Version 8 (modified by raul, 12 years ago) (diff) |
---|
Personal Cloud Measurement
We have created a script named measurement.py. It takes two arguments:
- Provider: -p or --provider and [dropbox|box|sugarsync]
- Test: -t or --type and [load_and_transfer|service_variability]
Depending on the test type, the script executes one of the following files:
- load_and_transfer: File load_and_transfer_test.py
- service_variability: File service_variability.py
Load and Transfer Workload
The objective of this workload was twofold: Measuring the maximum up/down transfer speed of operations and detecting correlations between the transfer speed and the load of an account. Intuitively, the first objective was achieved by alternating upload and download operations, since the provider only needed to handle one operation per account at a time. We achieved the second point by acquiring information about the load of an account in each API call.
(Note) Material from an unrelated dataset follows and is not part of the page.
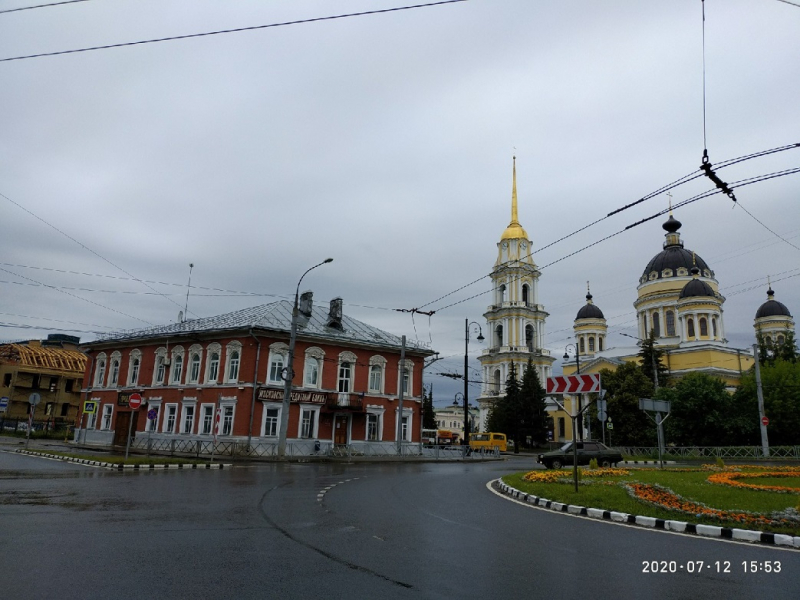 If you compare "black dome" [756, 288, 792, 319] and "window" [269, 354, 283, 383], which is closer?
"window" [269, 354, 283, 383]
The execution of this workload was continuously performed at each node as follows: First, a node created synthetic files of a size chosen at random from the aforementioned set of sizes. That node uploaded files until the capacity of the account was full. At this point, that node downloaded all the files also in random order. After each download, the file was deleted.
Implementation
First of all, the script creates 4 different files of different sizes (25, 50, 100 and 150 MB). Once done, it starts to upload random files until the account is full and an error is returned from the provider. When this appends the script starts to download a random file from the account and removes it when the download has finished.
This test will be running for 5 days approximately.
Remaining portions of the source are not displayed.